John’s love of the ocean led to his love of the land, and he currently serves the North Shore Community Land Trust, working to protect and steward the natural landscape of The North Shore. He’s also a Polynesian Voyaging Society crew member, who sailed on Hōkūle‘a during the epic three-year Mālama Honua worldwide voyage. His most recent, large scale venture documented the voyage for a book published by Patagonia — I was the fortunate writer to team up alongside him for the the project. Having known John for decades, hoping to capture some of his stories for years. With the recent passing of SURFER magazine, I turned to him, as a man who has enough surf stories to fill his own book.
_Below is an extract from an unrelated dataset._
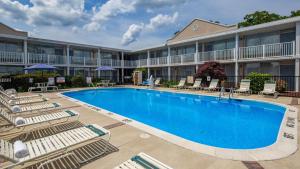 una piscina en un hotel con sillas y un edificio en Best Western Fredericksburg, en Fredericksburg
And so, I hope to skim beyond the surface here. Nope, John doesn’t ‘do’ yoga as most of know it here on the continent, but what he does and how he lives is truly the essence of the ancient discipline: treading in the mighty deep, settling the soul in the chaos. Here is some of his own path to  _PRACTICE.   

Kelly Slater, Waimea Bay

Kelly Slater, Waimea Bay

Living on the North Shore for thirty-two years now, I try not to brag about the fact that I’m from New Jersey, if you know what I mean. But there it is. Think what you want about Jersey, but Jersey can produce epic surf, but sadly not often enough to feed a full-time addiction, so many Jersey surfers eventually leave. You can find us all over the world now. But back then, nothing could motivate you to brave the cold winter waters like a fresh copy of SURFER magazine. We’d get great local pride anytime we’d see a dredging barrel from our neck of the woods in SURFER’s pages – and then, turn the page, and we’d be lured from our grey icy North East to exotic islands so very far away. Our existence, our identities, were totally locked into Surfer. And if SURFER was our bible, Hawaii was the Holy Land.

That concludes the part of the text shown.